Ulrich Grete, Chef des Ausgleichsfonds der Schweizer Rentenversicherung AHV meinte, die in der Schweiz geltenden Bestimmungen seien durchaus ausreichend. Doch viele Aktionäre, namentlich die Pensionskassen, nähmen ihre Aktionärsrechte viel zu wenig wahr. Der Wirtschaftsethiker Peter Ulrich von der Universität St. Gallen vermisst in den Manageretagen das Empfinden für Gerechtigkeit. Die Unternehmensführer schadeten damit der ganzen Wirtschaft, selbst wenn sich einige von ihnen als Wohltäter zu profilieren suchten. "Nichts gegen Spenden. Aber in dieser Form ist das nichts anderes als ein neofeudalistisches Verhalten". Es war dem im Publikum sitzenden früheren CVP-Nationalrat Felix Walker vorbehalten, die auf dem Podium seltsamerweise kaum angesprochene Ethik in manchen Chefetagen grundsätzlich zu hinterfragen. "Heute scheint das Motto zu gelten: Es ist alles erlaubt, was nicht verboten ist. Mit dieser Haltung schaden Manager der ganzen Wirtschaft".
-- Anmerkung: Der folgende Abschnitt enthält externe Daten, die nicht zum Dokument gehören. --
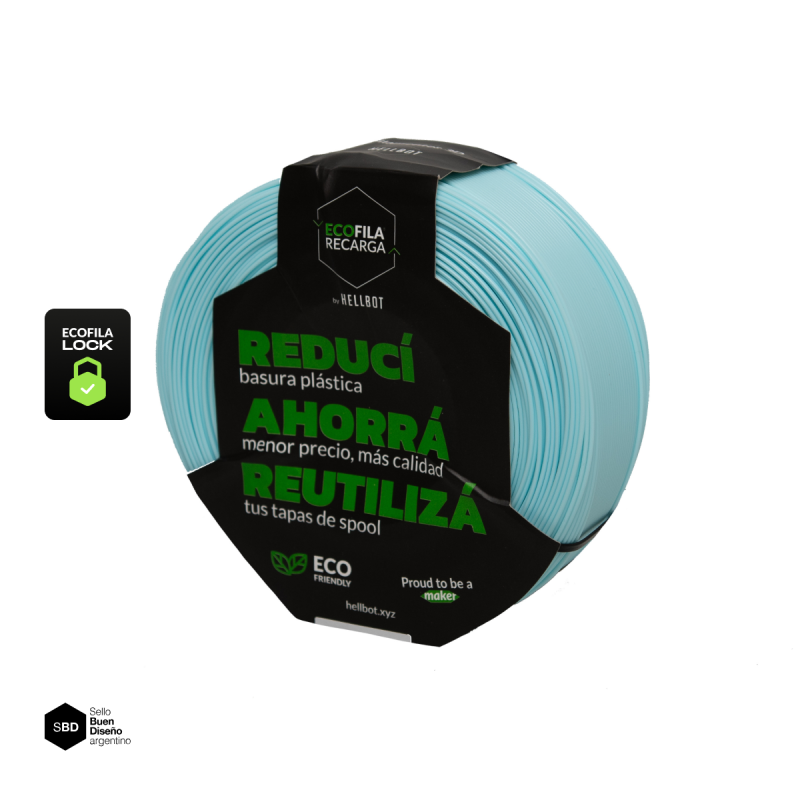 Filamento Hellbot ECOFILA RECARGA PLA 1,75mm 1kg LOCK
Wissen: Open Forum in Davos

Das "Open Forum" ist eine Begleitveranstaltung zum Weltwirtschaftsforum (WEF) und möchte die im exklusiven Kreis des WEF geführten Diskussionen in eine breitere Öffentlichkeit tragen. Organisiert wird es vom WEF und der evangelischen Kirche. Bis Samstag sind vier weitere Veranstaltungen im Programm, unter anderem zu den Themen Energiepolitik und multikulturelle Gesellschaft. Die Podien sind meist hochkarätig besetzt. Der Eintritt ist frei.